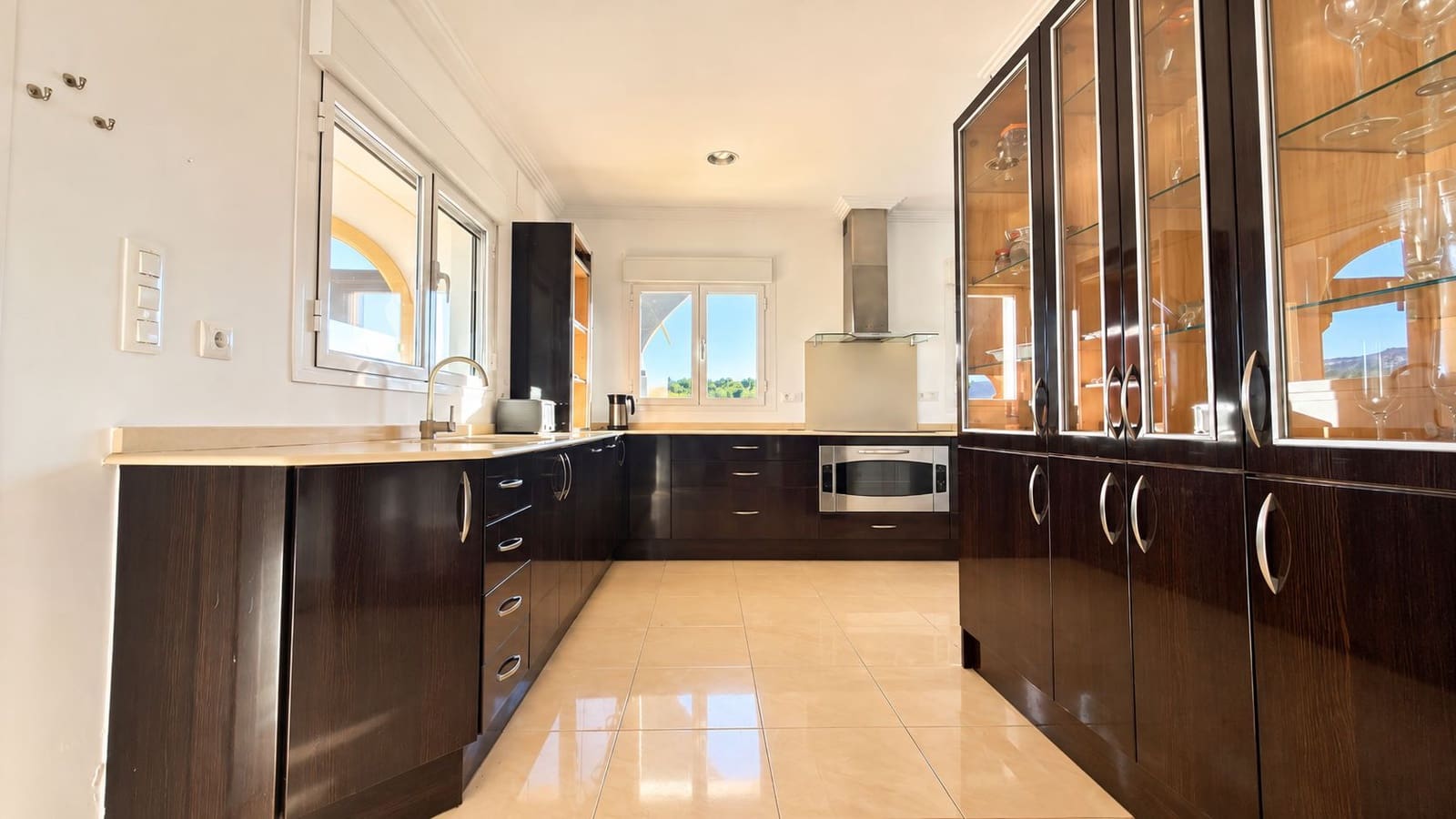 4 bedroom Villa for sale in Beniarbeig with pool garage - € 799,000 (Ref: 10163160)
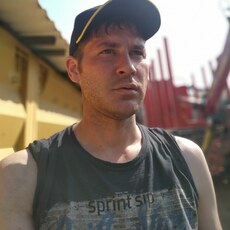 Леонид, 38, Первомайск (ЛНР)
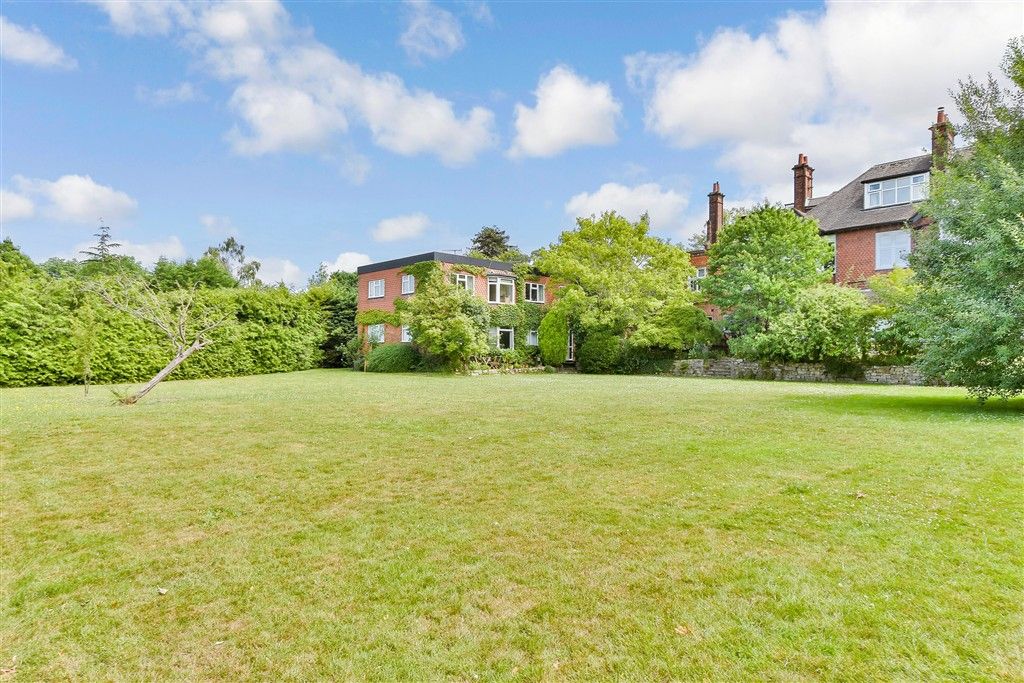 Property photo 2 of 13 Communal Gardens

» **What to produce**
When copying the material, leave every image behind and keep each line verbatim.

» **Your response**
 4 bedroom Villa for sale in Beniarbeig with pool garage - € 799,000 (Ref: 10163160)
 Леонид, 38, Первомайск (ЛНР)
 Property photo 2 of 13 Communal Gardens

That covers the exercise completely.